Long story short: my spouse and I are getting divorced but remaining friends. My spouse's "secondary" is now his "primary" and they remain open. I am no longer anyone's "secondary" and I have no idea the state of the couple I dated. I saw red flags and cut loose. I'm learning how to be on my own now, something I have never done, and plan to continue developing the ideal of openness in my relationships.
Life is messy. Love is a risk, no matter how you practice it. I think you do your best to minimize collateral damage by being as honest with yourself and others as possible; by going slow; and by not getting your heart set on any single outcome. But mostly, by being secure in yourself. Is any of this insight specific to poly, definitely not. It's really just about trying to be the best human being you can be.
I am thankful that poly was there to help me navigate my way out of one way of living and into another.
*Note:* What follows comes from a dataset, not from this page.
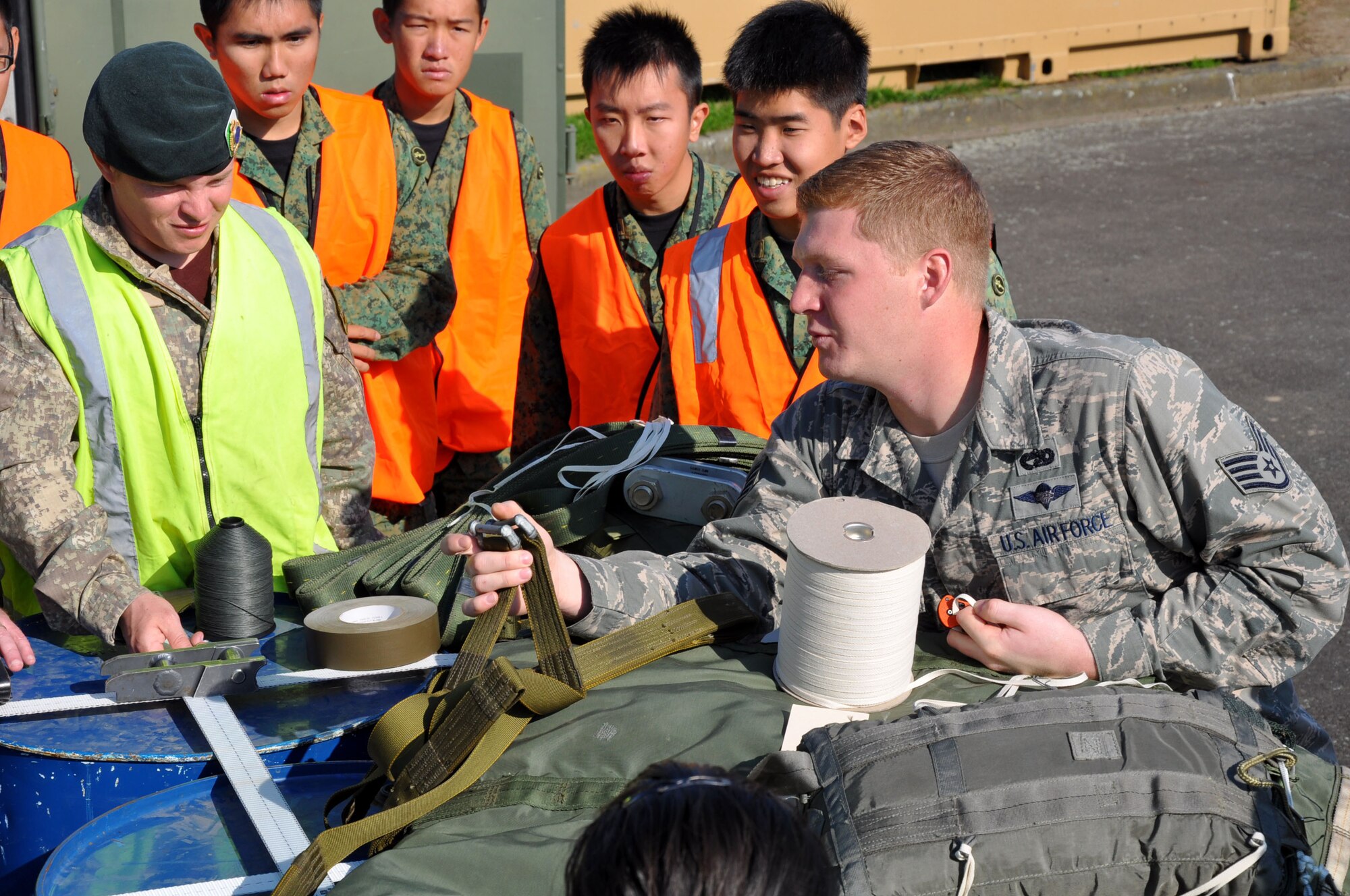 U.S. Air Force Staff Sgt. Bryan Rogers, 517th Expeditionary Airlift Squadron combat mobility specialist, demonstrates how to rig a drogue parachute for the C-17 Globemaster III as parachute riggers from three nations joined together for a subject-matter exchange at Royal New Zealand Air Force Base Ohakea, New Zealand, Nov. 11 during the second annual Exercise Kiwi Flag. U.S. Air Force trainers deployed to the 517th Expeditionary Airlift Squadron taught attendees how to rig a “15-foot extraction chute to the 160-foot extraction line” for cargo air drops from the C-17 Globemaster III. The small drogue chute, attached to a 60-foot line, sits in the back of the aircraft where it is pre-staged to catch the air current from the open ramp when activated mid-flight. When the drogue chute catches the current, the drogue rapidly pulls the extraction package, which in turn, pulls the cargo through the opening in the rear of the plane. The combat mobility team, deployed from the 773rd Logistics Readiness Squadron at Joint Base Elmendorf-Richardson, Alaska, trained more than 20 personnel from the New Zealand Army, the RNZAF and the Republic of Singapore Air Force. The Pacific-partners will have numerous opportunities to practice the newly-attained skill during the exercise which runs through Nov. 29. Kiwi Flag personnel are supporting Exercise Southern Katipo -- held on New Zealand’s South Island -- by managing air operations and providing cargo and passenger airlift including tactical air drops to SK participants. Rogers hails from Virginia Beach, Va. (U.S. Air Force Photo by Senior Master Sgt. Denise Johnson/Released)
I knew we weren't a perfect couple when we started down this road but in hindsight, I don't think we treated our "secondaries" unfairly. My husband's girlfriend and I got along well from the beginning and never had trouble communicating. My other former metamour and I, well that is another story, but I think we all went into it knowing it was a risk. We went slow. We tried to communicate a lot. We thought we knew what we were doing but some things just can't be planned for. It was a calculated risk. It's definitely possible we got lucky and things could have gone a lot worse. But poly allowed us to renegotiate our relationship in a way that I hadn't known was possible.
"It is no measure of health to be well adjusted to a profoundly sick society."